PROBLEM DETAILS
Nothing but the lines from the one containing "Букет из 15 белых ранункулюсов" to the end of the data should be returned, each exactly as written.

****

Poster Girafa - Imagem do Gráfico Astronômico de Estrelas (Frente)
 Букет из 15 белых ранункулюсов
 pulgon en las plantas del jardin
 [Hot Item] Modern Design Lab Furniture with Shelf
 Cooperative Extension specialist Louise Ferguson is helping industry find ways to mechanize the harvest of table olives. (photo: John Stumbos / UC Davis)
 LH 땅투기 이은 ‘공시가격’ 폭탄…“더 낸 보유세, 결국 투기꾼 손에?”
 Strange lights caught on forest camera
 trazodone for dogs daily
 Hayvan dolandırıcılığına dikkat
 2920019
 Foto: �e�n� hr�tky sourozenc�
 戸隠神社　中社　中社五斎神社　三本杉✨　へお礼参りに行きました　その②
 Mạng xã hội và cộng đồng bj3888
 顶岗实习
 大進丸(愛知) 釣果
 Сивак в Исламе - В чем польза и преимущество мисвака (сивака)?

****

ANSWER FOR THE TASK
 Букет из 15 белых ранункулюсов
 pulgon en las plantas del jardin
 [Hot Item] Modern Design Lab Furniture with Shelf
 Cooperative Extension specialist Louise Ferguson is helping industry find ways to mechanize the harvest of table olives. (photo: John Stumbos / UC Davis)
 LH 땅투기 이은 ‘공시가격’ 폭탄…“더 낸 보유세, 결국 투기꾼 손에?”
 Strange lights caught on forest camera
 trazodone for dogs daily
 Hayvan dolandırıcılığına dikkat
 2920019
 Foto: �e�n� hr�tky sourozenc�
 戸隠神社　中社　中社五斎神社　三本杉✨　へお礼参りに行きました　その②
 Mạng xã hội và cộng đồng bj3888
 顶岗实习
 大進丸(愛知) 釣果
 Сивак в Исламе - В чем польза и преимущество мисвака (сивака)?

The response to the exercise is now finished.